Required action =
Copies of all lines that contain "Crossbody" are needed; take them from the data below.

Input material =
----------------------------------------

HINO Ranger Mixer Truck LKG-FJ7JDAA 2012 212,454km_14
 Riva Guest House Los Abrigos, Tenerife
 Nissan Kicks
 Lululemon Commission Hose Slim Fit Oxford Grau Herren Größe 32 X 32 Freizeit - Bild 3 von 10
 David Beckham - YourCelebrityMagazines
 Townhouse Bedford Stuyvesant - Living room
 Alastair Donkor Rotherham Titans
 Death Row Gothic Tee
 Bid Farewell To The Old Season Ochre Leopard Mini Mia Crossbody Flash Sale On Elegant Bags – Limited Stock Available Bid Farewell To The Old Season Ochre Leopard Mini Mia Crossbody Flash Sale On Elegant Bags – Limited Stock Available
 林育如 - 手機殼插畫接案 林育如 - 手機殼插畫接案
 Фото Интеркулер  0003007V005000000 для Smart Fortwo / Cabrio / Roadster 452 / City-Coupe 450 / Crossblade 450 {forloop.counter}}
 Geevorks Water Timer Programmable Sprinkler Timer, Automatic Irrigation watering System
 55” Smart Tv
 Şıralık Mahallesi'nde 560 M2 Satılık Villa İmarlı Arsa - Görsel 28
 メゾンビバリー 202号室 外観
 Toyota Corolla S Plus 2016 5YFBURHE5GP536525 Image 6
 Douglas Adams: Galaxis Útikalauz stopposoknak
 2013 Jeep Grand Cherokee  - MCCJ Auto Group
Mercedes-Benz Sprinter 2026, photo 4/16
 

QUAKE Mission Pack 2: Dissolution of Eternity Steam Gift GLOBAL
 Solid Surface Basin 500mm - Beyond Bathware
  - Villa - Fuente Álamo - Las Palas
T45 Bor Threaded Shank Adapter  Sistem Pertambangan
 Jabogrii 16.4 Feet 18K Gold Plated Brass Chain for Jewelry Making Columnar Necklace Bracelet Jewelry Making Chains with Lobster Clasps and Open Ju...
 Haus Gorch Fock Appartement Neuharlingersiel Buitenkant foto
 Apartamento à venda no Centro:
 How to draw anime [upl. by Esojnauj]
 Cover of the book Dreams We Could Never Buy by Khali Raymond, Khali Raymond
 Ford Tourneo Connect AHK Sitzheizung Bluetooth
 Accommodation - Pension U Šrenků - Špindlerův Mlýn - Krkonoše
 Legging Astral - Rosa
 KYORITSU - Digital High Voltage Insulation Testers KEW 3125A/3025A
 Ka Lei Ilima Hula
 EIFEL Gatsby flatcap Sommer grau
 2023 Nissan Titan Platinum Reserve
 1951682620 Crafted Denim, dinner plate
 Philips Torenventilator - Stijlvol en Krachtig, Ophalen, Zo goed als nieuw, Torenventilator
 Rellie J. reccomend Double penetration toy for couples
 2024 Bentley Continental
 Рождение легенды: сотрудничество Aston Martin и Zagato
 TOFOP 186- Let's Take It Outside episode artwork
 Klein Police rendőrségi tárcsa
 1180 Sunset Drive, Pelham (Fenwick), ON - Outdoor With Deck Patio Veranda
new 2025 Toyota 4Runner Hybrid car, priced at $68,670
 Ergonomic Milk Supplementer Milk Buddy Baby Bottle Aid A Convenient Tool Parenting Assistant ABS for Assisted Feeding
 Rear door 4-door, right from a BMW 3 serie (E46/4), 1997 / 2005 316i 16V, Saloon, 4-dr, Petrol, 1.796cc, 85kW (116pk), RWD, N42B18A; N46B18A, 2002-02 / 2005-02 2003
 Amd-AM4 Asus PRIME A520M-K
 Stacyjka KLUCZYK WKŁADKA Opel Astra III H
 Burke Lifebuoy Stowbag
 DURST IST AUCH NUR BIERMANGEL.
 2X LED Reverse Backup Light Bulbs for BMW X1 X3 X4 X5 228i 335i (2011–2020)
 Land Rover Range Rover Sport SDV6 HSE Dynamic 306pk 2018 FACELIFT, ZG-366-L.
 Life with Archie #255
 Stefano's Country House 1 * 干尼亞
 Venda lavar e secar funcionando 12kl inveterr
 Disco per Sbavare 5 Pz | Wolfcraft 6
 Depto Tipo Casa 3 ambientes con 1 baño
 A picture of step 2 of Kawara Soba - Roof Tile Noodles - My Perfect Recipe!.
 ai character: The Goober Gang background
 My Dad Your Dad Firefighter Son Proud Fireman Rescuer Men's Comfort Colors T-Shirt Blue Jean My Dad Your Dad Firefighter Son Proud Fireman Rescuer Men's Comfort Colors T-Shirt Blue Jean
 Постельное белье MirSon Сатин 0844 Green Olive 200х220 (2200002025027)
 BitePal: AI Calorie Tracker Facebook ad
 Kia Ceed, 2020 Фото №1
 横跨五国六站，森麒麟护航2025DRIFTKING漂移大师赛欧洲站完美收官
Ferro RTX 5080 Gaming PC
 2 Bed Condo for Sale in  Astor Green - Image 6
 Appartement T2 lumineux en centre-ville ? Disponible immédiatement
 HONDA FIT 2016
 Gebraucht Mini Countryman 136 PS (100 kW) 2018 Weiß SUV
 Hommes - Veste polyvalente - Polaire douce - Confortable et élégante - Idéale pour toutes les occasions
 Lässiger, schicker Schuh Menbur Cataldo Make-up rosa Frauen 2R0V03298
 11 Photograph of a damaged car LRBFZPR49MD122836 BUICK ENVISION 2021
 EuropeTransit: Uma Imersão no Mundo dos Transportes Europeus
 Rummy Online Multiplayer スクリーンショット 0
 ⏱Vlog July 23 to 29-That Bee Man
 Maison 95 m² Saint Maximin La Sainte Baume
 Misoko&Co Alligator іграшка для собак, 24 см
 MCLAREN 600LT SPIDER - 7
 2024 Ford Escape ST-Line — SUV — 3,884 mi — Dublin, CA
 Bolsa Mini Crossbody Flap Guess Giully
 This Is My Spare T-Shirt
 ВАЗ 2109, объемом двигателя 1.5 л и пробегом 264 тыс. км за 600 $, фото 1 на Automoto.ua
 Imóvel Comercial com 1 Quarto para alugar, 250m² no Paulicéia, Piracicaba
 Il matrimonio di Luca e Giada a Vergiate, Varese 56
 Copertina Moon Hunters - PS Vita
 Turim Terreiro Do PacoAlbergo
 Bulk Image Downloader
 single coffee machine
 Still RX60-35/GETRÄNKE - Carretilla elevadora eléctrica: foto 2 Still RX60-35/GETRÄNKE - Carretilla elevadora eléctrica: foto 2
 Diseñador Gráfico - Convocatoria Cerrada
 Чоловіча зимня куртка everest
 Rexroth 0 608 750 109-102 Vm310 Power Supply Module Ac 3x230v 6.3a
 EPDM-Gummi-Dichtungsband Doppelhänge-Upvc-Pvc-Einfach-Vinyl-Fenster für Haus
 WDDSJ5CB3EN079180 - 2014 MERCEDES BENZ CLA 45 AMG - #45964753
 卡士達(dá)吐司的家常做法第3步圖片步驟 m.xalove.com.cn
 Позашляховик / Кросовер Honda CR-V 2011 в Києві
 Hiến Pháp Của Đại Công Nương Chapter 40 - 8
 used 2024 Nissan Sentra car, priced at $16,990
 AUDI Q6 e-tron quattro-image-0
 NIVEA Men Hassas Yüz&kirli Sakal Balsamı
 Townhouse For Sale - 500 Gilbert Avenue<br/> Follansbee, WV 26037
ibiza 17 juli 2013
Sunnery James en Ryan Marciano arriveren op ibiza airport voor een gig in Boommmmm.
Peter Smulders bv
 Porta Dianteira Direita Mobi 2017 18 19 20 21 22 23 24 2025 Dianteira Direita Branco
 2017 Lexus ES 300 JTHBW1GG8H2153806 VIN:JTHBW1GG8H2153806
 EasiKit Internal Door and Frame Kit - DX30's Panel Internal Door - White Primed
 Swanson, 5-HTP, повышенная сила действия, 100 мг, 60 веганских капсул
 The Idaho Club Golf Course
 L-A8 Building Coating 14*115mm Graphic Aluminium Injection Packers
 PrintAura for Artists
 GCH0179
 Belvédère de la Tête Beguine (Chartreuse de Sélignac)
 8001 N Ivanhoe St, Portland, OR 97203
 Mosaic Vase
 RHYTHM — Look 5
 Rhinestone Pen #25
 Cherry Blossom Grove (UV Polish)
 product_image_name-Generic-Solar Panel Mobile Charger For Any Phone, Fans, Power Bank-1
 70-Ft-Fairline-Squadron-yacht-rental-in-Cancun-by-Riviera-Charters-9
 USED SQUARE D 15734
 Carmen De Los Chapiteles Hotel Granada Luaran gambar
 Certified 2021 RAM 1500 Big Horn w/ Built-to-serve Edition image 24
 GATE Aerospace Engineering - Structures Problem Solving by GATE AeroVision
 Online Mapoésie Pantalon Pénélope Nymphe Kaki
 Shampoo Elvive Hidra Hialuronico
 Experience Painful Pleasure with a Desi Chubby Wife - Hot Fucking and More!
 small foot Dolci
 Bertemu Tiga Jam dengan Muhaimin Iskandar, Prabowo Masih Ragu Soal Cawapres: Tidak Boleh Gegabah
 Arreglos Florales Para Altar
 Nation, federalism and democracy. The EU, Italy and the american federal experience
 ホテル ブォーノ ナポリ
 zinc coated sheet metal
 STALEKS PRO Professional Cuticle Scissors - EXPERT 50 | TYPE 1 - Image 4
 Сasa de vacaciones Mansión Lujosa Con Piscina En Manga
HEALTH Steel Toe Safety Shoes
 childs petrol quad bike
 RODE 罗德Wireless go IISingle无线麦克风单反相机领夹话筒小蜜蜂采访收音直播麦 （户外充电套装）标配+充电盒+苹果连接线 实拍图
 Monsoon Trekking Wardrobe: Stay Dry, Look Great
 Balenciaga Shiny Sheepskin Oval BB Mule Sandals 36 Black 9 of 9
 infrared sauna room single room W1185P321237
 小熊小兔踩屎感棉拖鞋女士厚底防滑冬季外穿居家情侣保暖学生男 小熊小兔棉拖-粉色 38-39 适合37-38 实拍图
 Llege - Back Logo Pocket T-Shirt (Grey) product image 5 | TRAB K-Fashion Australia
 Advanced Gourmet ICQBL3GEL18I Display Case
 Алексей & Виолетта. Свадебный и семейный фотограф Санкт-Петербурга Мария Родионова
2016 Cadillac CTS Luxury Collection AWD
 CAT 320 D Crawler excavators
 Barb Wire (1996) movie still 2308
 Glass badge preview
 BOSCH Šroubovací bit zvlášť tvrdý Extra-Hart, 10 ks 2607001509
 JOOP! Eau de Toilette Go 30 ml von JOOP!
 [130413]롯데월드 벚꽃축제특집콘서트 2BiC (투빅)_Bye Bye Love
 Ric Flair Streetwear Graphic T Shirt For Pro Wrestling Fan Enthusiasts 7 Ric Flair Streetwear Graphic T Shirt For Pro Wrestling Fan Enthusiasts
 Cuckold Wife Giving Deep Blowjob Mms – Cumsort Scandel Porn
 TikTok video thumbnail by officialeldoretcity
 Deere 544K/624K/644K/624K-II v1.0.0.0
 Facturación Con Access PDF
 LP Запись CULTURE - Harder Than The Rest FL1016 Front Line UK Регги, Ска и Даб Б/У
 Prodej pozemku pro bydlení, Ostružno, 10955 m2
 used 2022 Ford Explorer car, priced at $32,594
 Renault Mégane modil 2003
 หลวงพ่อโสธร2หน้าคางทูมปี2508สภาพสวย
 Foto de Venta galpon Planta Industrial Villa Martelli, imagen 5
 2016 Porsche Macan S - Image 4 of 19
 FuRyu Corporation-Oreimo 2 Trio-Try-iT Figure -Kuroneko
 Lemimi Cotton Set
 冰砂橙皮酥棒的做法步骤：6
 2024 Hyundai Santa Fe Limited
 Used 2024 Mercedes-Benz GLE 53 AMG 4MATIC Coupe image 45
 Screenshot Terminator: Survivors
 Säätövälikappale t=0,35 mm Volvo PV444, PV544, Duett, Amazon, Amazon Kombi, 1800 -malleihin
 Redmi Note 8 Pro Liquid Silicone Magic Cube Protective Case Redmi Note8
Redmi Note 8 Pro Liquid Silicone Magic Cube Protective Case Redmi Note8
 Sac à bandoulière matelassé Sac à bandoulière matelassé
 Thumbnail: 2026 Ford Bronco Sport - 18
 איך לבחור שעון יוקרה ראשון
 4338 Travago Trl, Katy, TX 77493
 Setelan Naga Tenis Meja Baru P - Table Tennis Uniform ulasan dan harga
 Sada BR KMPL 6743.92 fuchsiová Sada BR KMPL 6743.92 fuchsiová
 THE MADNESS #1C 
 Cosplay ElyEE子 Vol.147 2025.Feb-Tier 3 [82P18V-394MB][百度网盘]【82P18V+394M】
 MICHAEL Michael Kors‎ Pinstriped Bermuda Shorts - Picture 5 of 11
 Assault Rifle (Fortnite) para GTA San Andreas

----------------------------------------

Written solution =
 Bid Farewell To The Old Season Ochre Leopard Mini Mia Crossbody Flash Sale On Elegant Bags – Limited Stock Available Bid Farewell To The Old Season Ochre Leopard Mini Mia Crossbody Flash Sale On Elegant Bags – Limited Stock Available
 Bolsa Mini Crossbody Flap Guess Giully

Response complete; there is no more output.